Bon, à présent que je vous ai dit tout ça, vous vous demandez peut-être quelle sera la suite s’il y en a une. Soyez donc rassuré·e (ou pas), j’ai toujours l’intention de continuer d’écrire. C’est même tout le principe de l’arrêt de cette newsletter : en acceptant d’écrire moins, et pas du tout pendant quelque temps, je souhaite parvenir à terme à écrire mieux, et en prenant du plaisir à l’ouvrage, sans me focaliser sur des chiffres, des nombres d’abonnés, de la régularité dans mes publications, etc. Ce sont des atouts qui peuvent beaucoup aider, qui peuvent même faire une carrière, mais ce n’est pas là-dessus que je veux bâtir la mienne. D’autres auteurs et autrices seront forcément meilleurs que moi en communication et en marketing, donc je choisis pour l’instant d’accepter ça et de retourner à une phase plus discrète de l’écriture, tant pis si moins de gens lisent ce que j’écris du moment que celles et ceux qui liront mes textes les apprécient.
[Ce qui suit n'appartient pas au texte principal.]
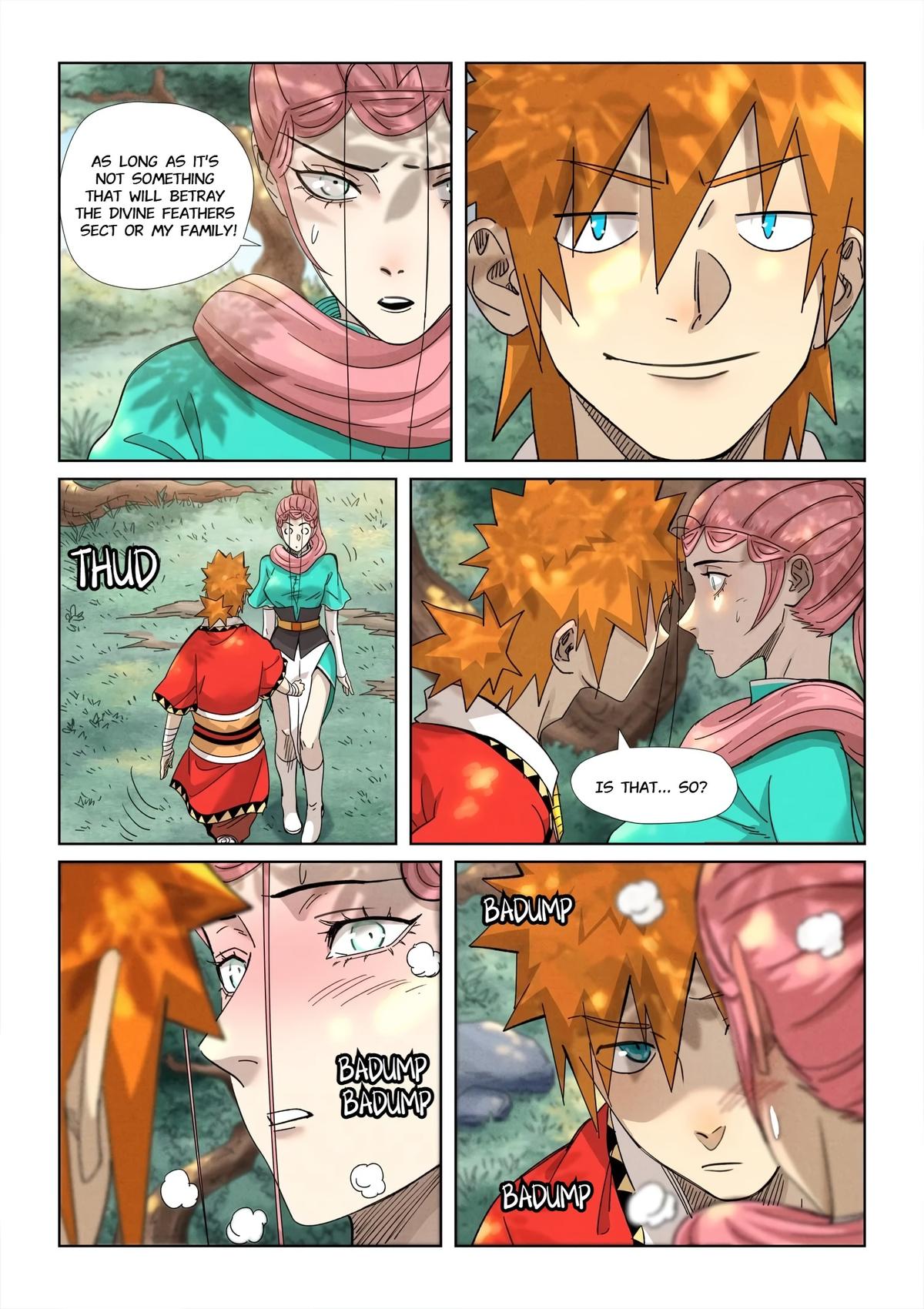 Tales of Demons and Gods Chapter 355 — page 8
Je vous enjoins néanmoins à rester abonné·e à cette newsletter, gratuitement, puisque je n’exclus pas de republier des histoires courtes par ce biais-là à l’occasion. Si vous êtes intéressé·e, je me servirai aussi de ce canal pour vous tenir au courant d’éventuelles annonces importantes, par exemple la publication d’une nouvelle si cela advenait, ou, sait-on jamais, de mon deuxième roman une fois que je l’aurai terminé (notez que j’ai écrit cette fin de phrase au futur, on y croit). Comme je ne pense pas que les choses soient gravées dans le marbre, je n’exclus pas non plus de reprendre un jour une formule de publication plus régulière ici, si je constate que je me trouve dans l’état d’esprit qui s’y prête. Bref, tout est ouvert pour la suite ! Je vais également laisser une quinzaine de textes en ligne sur cette plateforme, ils seront consultables par tous et toutes à tout moment, pour le cas où vous seriez nostalgique.
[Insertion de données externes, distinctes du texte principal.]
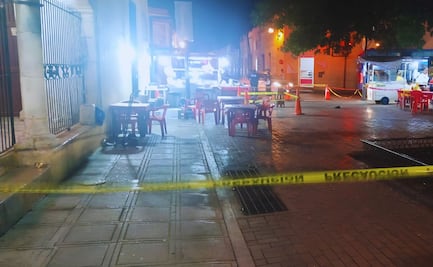 Motosicarios atacan a hombre en calles de Oxkutzcab, Yucatán; resulta ileso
Lancer « Histoires comme ça » avec en prime une version payante avait quelque chose d’un pari. On m’avait mis en garde contre le fait que cela pouvait être prématuré, cela n’a d’ailleurs pas tout à fait marché à la hauteur de mes espérances, mais je suis content d’avoir lancé ce projet, d’avoir persévéré quand je ne parvenais plus à écrire de nouvelles histoires, et d’être parvenu à faire durer cette newsletter sur une année entière d’abonnement payant. Si vous m’avez suivi jusque-là, encore une fois je tiens à vous remercier du fond du cœur. J’espère que vous avez apprécié de voyager avec moi dans mes histoires, ce serait ma plus grande fierté. Enfin presque. J’ai quand même calé le mot « nonobstant » dans cet épisode, et le verbe « pandiculer » dans ma nouvelle « Dans la peau », et ça, pour qui comme moi aime les jolis mots et les mots rares, ça a franchement de la gueule.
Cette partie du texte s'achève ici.